Le Vatican dit oui à la Turquie dans l’Europe
Le Figaro (France), Jeudi 31 mai 2007
De notre correspondant au Vatican Hervé Yannou
Le Vatican est favorable à l’entrée de la Turquie dans l’Union européenne. Mardi soir, en marge d’une conférence organisée à l’université romaine des légionnaires du Christ, le cardinal Tarcisio Bertone, secrétaire d’État du Saint-Siège, a dit oui à cet élargissement. Il a ainsi confirmé le nouveau cap du Saint-Siège qui se dessinait depuis le voyage effectué par Benoît XVI en Turquie, en no-vembre 2006.
« La Turquie a parcouru un long chemin, et continue à le parcourir » , a déclaré le bras droit du Pape et chef de la diplomatie vaticane. Il a insisté pour que le pays soit « défini comme laïc » , alors que les tensions entre les mouvements islamistes et l’armée turque, gardienne de la laïcité, sont à leur comble à Ankara. « Il y a des évolutions, les positions sont naturellement très différentes » , a-t-il reconnu, mais « avec les peuples et les gouvernements qui respectent les règles fondamentales de la cohabitation, on peut dialoguer et construire ensemble le bien commun dans la sphère européenne et aussi dans la communauté mondiale ».
« Y compris jusqu’à une entrée dans l’Europe ? » , lui ont demandé les journalistes. « Y compris », a répondu le secrétaire d’État. Cette prise de position sur un dossier très controversé pourrait être vue comme un appui moral à Ankara, mais le Vatican se montre avant tout pragmatique.
La ligne diplomatique affirmée par le cardinal relève de la géostratégie et des relations tendues avec le monde musulman. Balayer l’idée d’un « choc des civilisations » Avant son élection, en avril 2005, le cardinal Ratzinger avait jugé que l’entrée de la Turquie dans l’Union européenne serait une « erreur historique » . Une idée partagée par nombre de cardinaux.
Mais publiquement, le Vatican restait neutre à l’époque, tant que la Turquie s’efforçait de remplir les conditions fixées par Bruxelles, en particulier en matière de liberté religieuse. La donne devait changer après le discours du Pape à Ratisbonne en septembre 2006. Ses propos sur l’Islam et la violence déclenchèrent une crise sans précédent avec le monde musulman.
Deux mois plus tard, son voyage en Turquie devait participer à renouer le dialogue et balayer l’idée d’un « choc des civilisations ». Le Pape présenta la Turquie comme « un pont entre Orient et Occident » . Le cardinal Bertone devait préciser que l’Europe « ne pouvait pas s’en passer » et que son intérêt était « de l’aider à être une véritable démocratie » afin de « consolider un système de valeurs » .
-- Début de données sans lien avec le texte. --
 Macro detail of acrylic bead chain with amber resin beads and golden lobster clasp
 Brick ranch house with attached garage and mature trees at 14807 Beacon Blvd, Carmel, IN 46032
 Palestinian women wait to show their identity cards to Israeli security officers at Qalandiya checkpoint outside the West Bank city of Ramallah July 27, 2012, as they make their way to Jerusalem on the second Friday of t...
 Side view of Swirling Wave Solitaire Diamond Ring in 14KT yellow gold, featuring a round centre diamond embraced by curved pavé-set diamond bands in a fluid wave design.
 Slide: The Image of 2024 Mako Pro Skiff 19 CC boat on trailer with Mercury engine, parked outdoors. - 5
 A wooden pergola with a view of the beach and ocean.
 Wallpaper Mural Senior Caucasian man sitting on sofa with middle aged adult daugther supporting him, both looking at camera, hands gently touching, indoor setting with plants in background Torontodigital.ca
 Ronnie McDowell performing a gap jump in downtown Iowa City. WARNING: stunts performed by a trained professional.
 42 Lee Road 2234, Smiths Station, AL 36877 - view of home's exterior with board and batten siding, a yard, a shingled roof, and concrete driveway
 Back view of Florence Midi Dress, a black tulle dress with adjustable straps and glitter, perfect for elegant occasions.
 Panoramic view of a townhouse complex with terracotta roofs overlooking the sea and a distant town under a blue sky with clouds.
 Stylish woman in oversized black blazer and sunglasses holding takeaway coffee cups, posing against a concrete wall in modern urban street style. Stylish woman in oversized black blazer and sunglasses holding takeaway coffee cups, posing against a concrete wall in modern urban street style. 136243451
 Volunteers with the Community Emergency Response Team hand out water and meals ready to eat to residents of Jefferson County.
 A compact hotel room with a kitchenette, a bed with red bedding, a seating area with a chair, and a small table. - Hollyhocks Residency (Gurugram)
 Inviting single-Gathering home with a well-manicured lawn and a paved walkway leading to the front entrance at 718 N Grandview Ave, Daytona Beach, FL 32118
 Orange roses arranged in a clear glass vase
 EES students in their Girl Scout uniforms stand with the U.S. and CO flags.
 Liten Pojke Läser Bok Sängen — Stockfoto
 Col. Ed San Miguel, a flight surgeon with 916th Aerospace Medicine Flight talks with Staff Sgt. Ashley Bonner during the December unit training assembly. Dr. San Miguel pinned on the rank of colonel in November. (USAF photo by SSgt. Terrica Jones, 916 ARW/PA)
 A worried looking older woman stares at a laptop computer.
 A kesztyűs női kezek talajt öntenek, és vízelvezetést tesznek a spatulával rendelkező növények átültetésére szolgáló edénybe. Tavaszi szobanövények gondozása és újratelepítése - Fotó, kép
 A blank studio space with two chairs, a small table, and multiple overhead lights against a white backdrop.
Pour être clair, fermer la porte aux Turcs « risquerait de favoriser le fondamentalisme islamiste à l’intérieur du pays ». La Turquie n’est plus « l’ennemi héréditaire » de l’Europe chrétienne, souligne aujourd’hui un prélat, rappelant que jusqu’au XVII e siècle l’horizon politique des papes était de fédérer l’Europe dans une croisade contre les Turcs. Entre l’Islam et la chrétienté, selon ce prélat, la Turquie est « une marche frontière » qu’il faut « intégrer plutôt que de la rejeter brutalement ».
Reste que Benoît XVI, lui, n’a jamais été aussi affirmatif en public.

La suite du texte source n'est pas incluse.